## Required action
Copy task, pictures excluded: set down exactly the lines from the one containing "Anchorage tide chart" to the end of the data below.

● ● ● ● ●

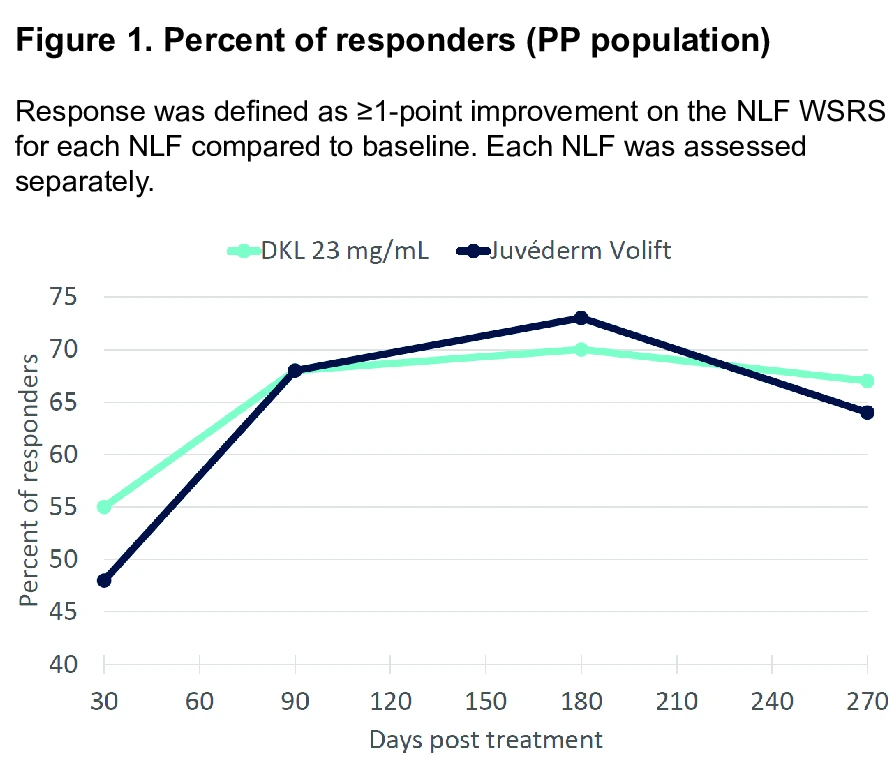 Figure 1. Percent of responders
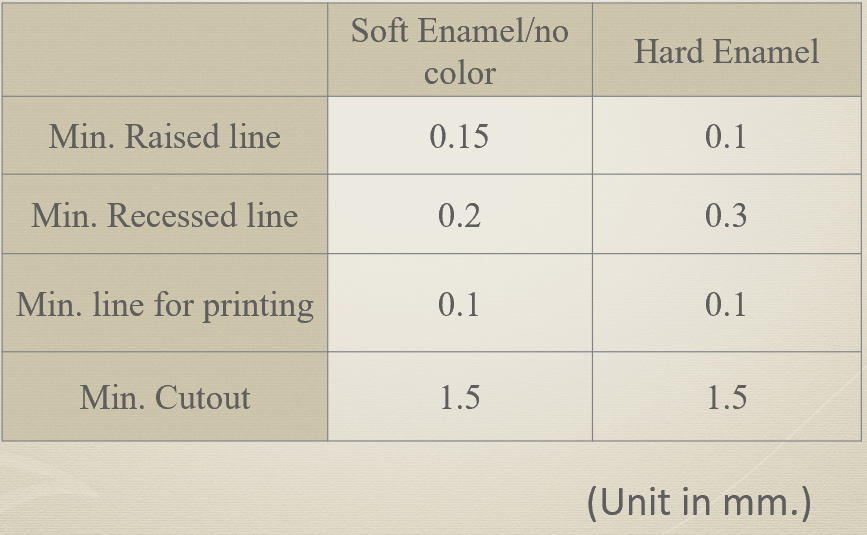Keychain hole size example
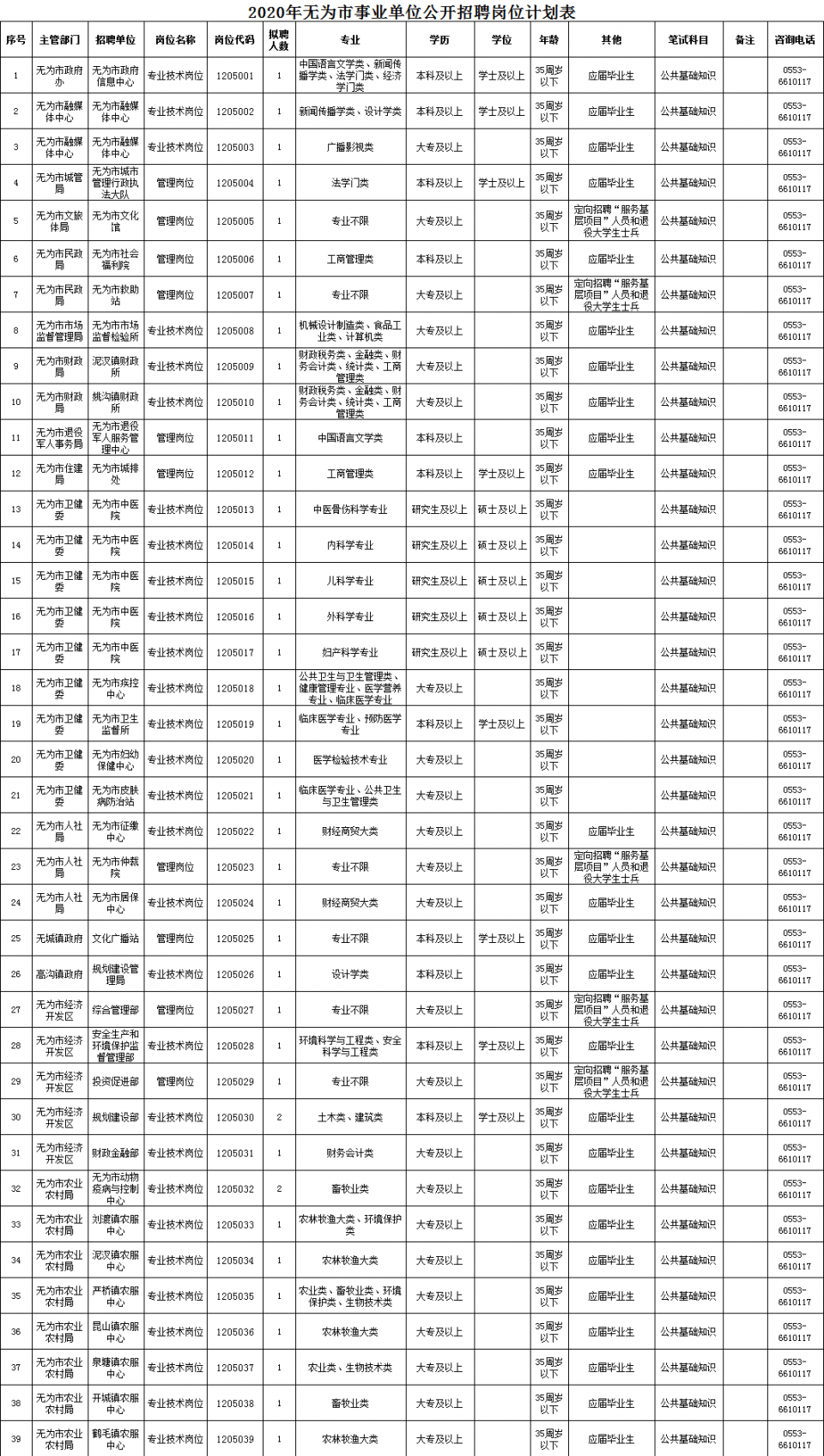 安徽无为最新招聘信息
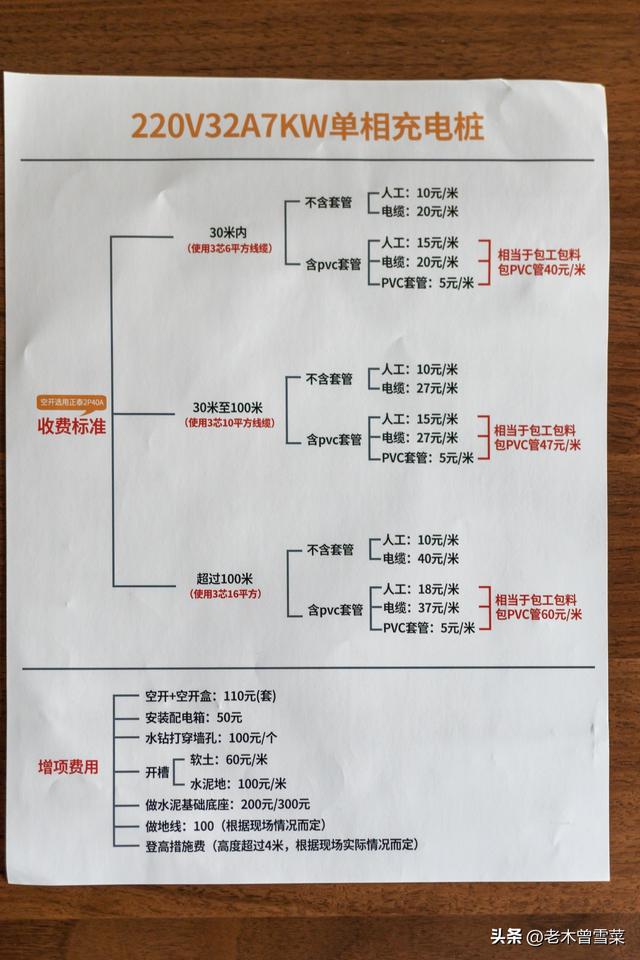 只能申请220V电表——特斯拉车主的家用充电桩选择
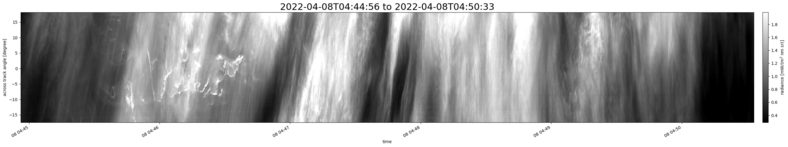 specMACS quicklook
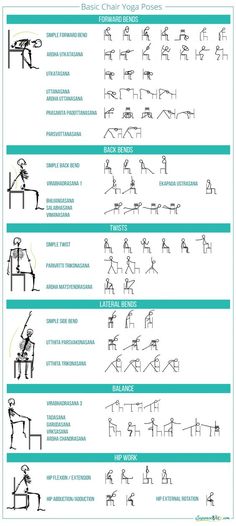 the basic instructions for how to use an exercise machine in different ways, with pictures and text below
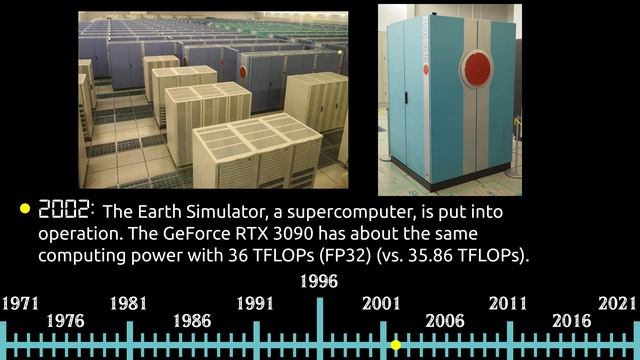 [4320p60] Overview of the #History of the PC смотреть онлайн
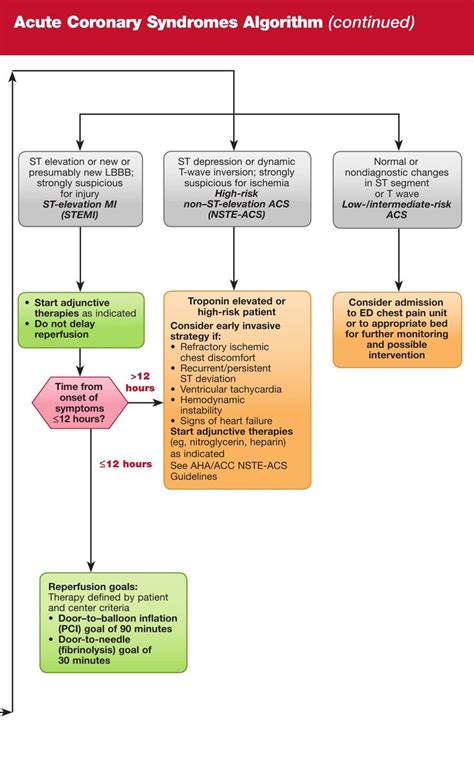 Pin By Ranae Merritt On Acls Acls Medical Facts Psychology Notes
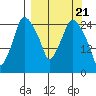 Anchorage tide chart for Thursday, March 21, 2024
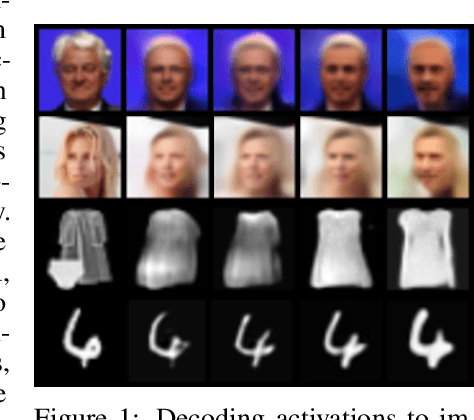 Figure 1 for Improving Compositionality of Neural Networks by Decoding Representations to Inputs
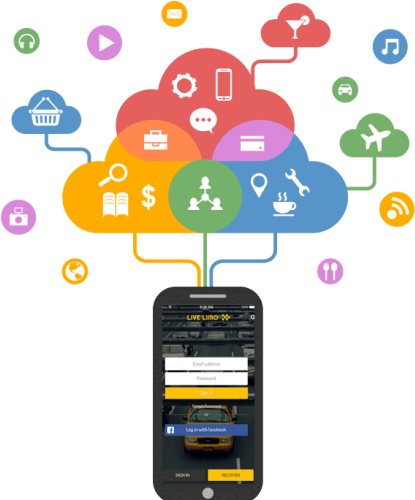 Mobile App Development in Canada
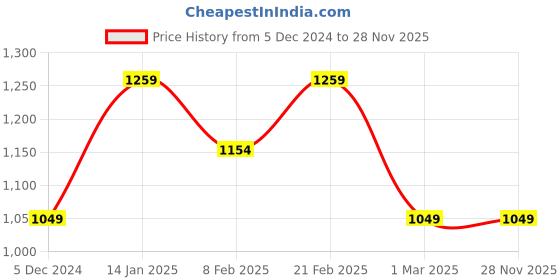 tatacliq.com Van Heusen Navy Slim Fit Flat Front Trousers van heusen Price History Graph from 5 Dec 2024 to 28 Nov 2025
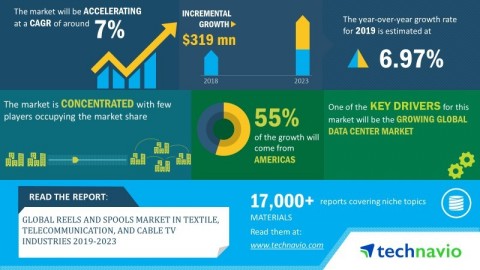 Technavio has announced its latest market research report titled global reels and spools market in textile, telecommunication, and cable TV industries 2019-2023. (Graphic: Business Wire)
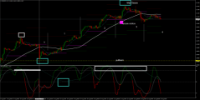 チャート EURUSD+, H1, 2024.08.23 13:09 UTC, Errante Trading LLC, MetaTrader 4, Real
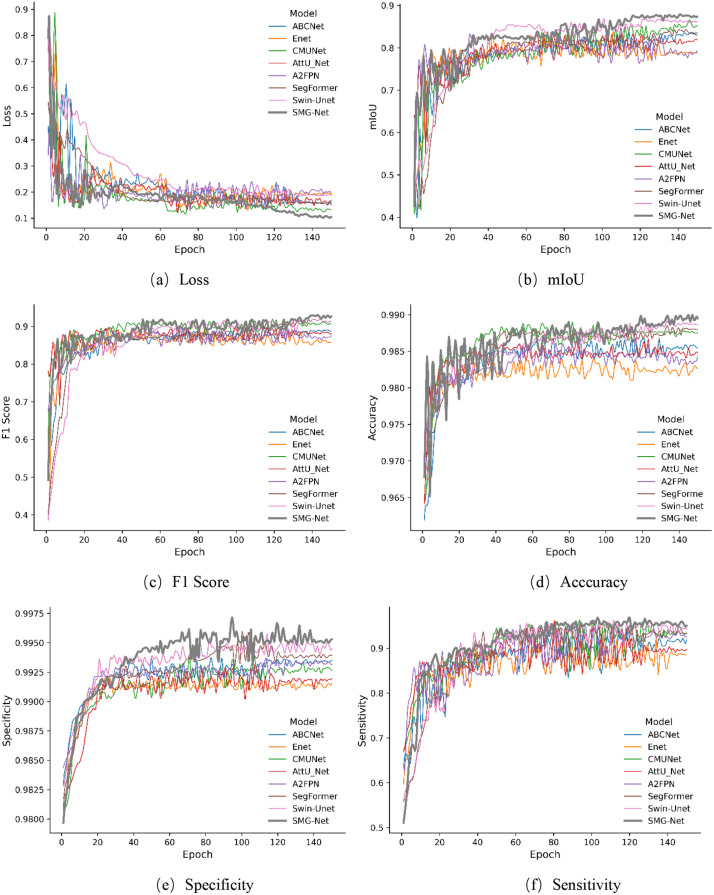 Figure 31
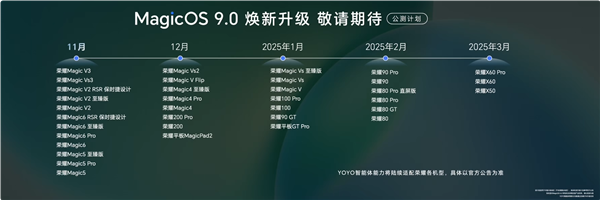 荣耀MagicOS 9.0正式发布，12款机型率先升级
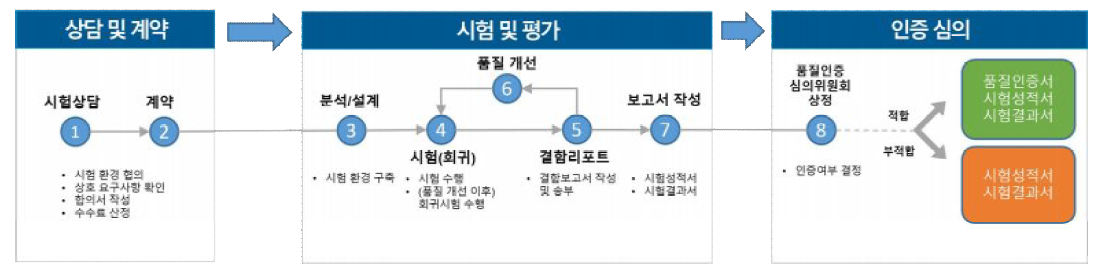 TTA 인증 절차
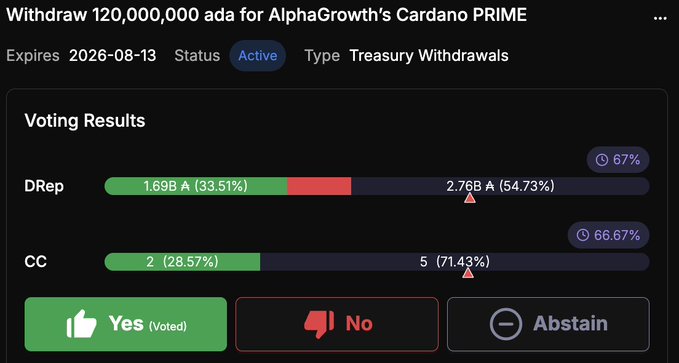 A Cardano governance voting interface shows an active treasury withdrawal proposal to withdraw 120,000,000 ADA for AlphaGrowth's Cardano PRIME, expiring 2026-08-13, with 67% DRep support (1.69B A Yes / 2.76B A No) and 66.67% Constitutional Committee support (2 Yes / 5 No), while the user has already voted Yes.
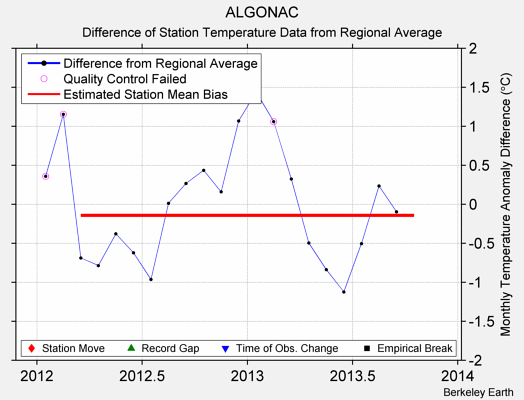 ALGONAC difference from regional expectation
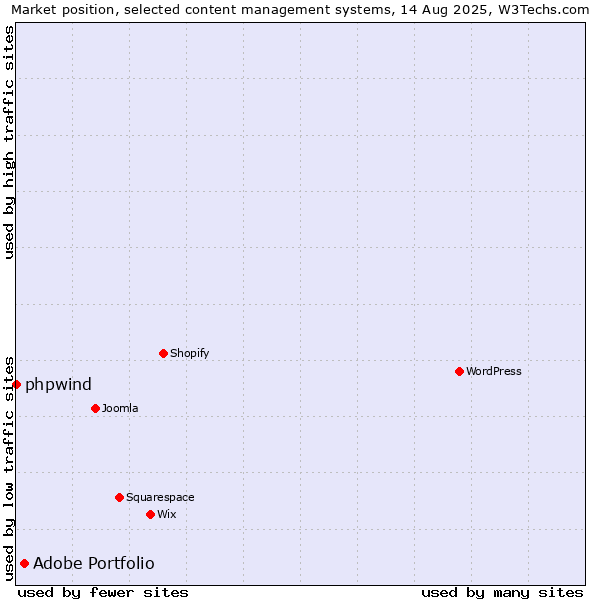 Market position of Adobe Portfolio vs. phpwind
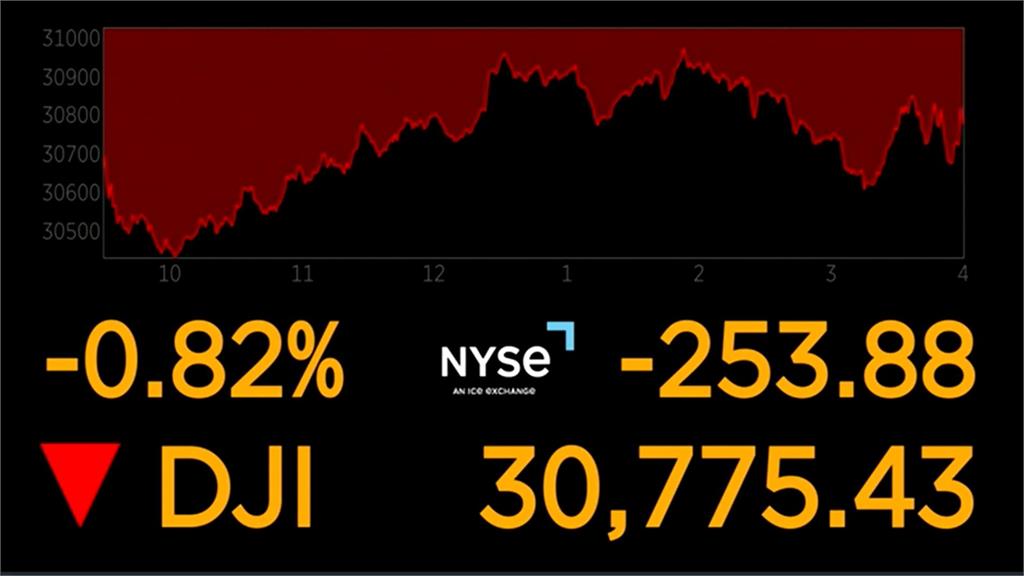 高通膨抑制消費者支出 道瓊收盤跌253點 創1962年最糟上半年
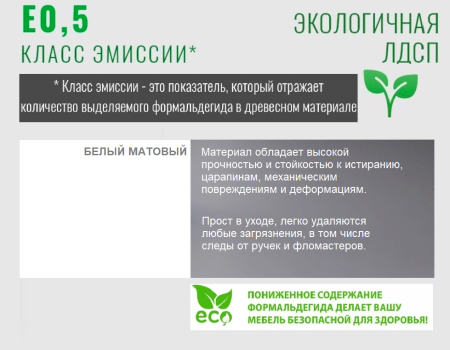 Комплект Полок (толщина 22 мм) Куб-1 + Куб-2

● ● ● ● ●

## Exercise solution
 Anchorage tide chart for Thursday, March 21, 2024
 Figure 1 for Improving Compositionality of Neural Networks by Decoding Representations to Inputs
 Mobile App Development in Canada
 tatacliq.com Van Heusen Navy Slim Fit Flat Front Trousers van heusen Price History Graph from 5 Dec 2024 to 28 Nov 2025
 Technavio has announced its latest market research report titled global reels and spools market in textile, telecommunication, and cable TV industries 2019-2023. (Graphic: Business Wire)
 チャート EURUSD+, H1, 2024.08.23 13:09 UTC, Errante Trading LLC, MetaTrader 4, Real
 Figure 31
 荣耀MagicOS 9.0正式发布，12款机型率先升级
 TTA 인증 절차
 A Cardano governance voting interface shows an active treasury withdrawal proposal to withdraw 120,000,000 ADA for AlphaGrowth's Cardano PRIME, expiring 2026-08-13, with 67% DRep support (1.69B A Yes / 2.76B A No) and 66.67% Constitutional Committee support (2 Yes / 5 No), while the user has already voted Yes.
 ALGONAC difference from regional expectation
 Market position of Adobe Portfolio vs. phpwind
 高通膨抑制消費者支出 道瓊收盤跌253點 創1962年最糟上半年
 Комплект Полок (толщина 22 мм) Куб-1 + Куб-2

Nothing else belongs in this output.